# Required action
An exact copy is required of the lines running from the one that contains "Oversized V Neck Top Deep Mauve" to the end of the material, both ends included, with pictures omitted.

# Information given
- - - - - - -

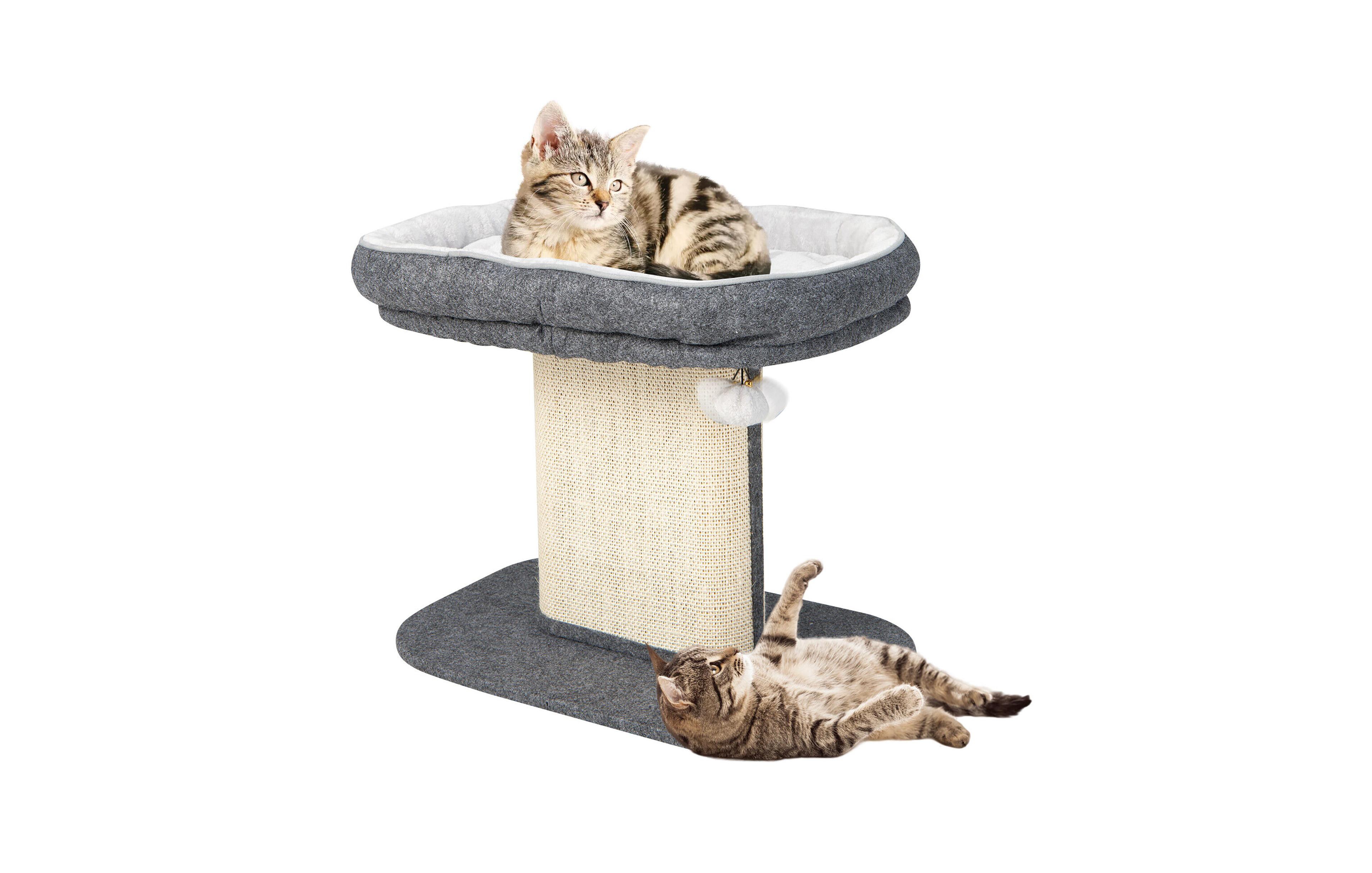 Gymax Modern Cat Tree Tower Cat Activity Tower w/ Large Plush Perch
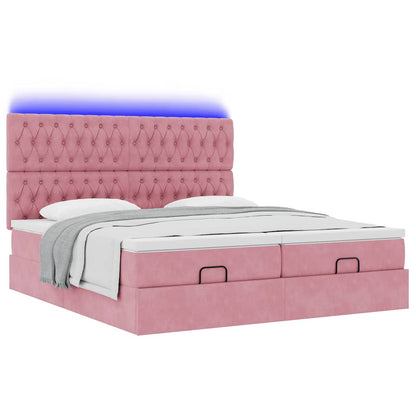 Struttura Letto Pouf con Materassi Rosa 180x200 cm Velluto | homemem39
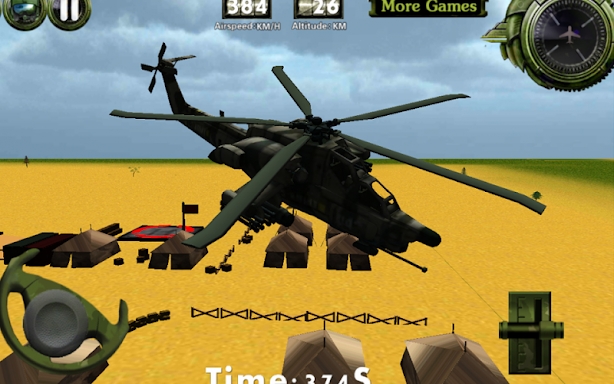 Combat helicopter 3D flight screenshots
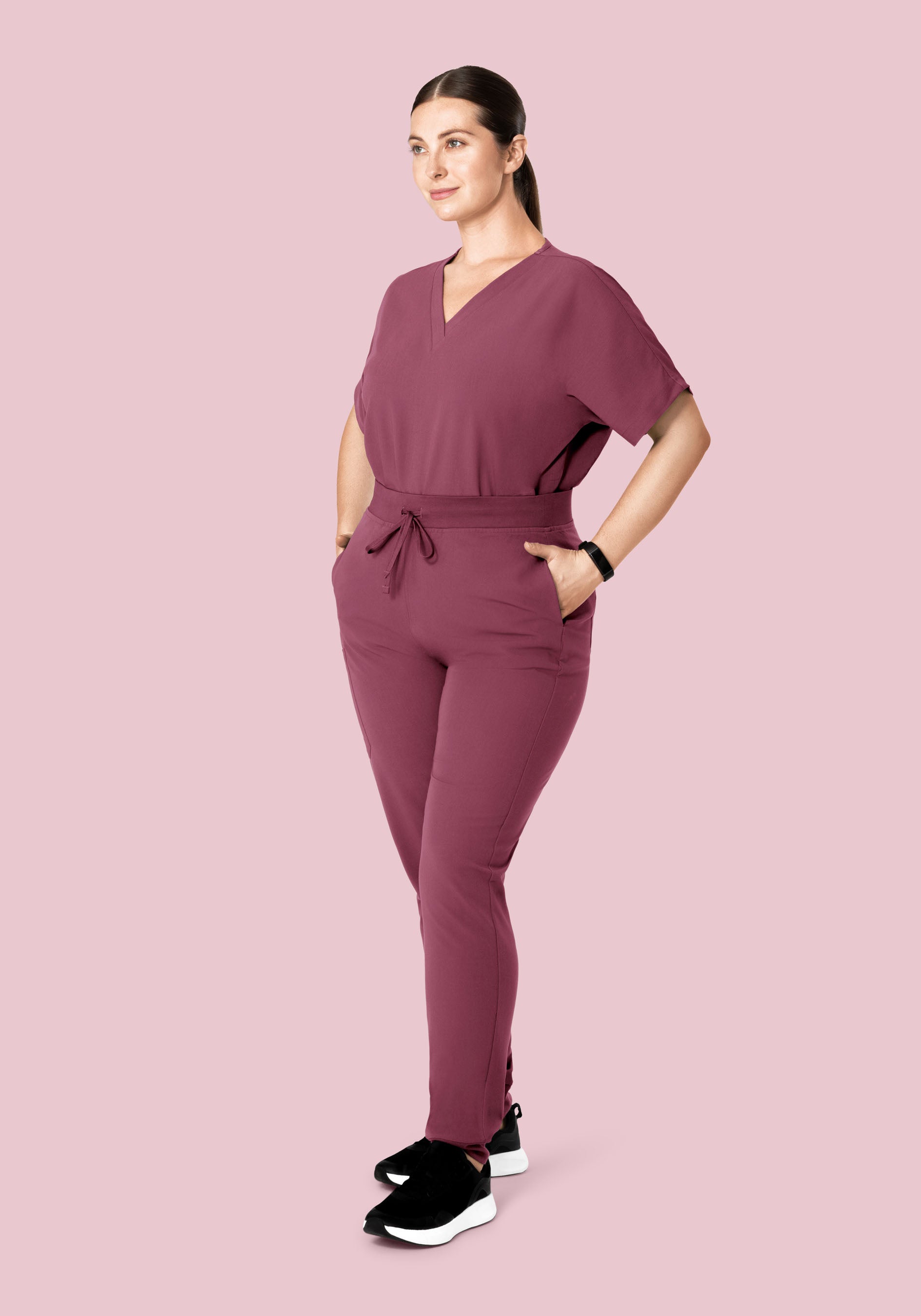 Oversized V Neck Top Deep Mauve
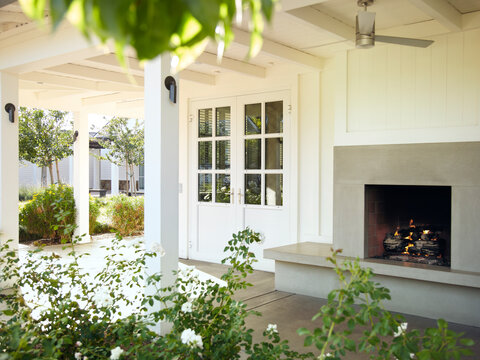 Reception outdoor fireplace at luxury resort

- - - - - - -

# Your solution
 Oversized V Neck Top Deep Mauve
 Reception outdoor fireplace at luxury resort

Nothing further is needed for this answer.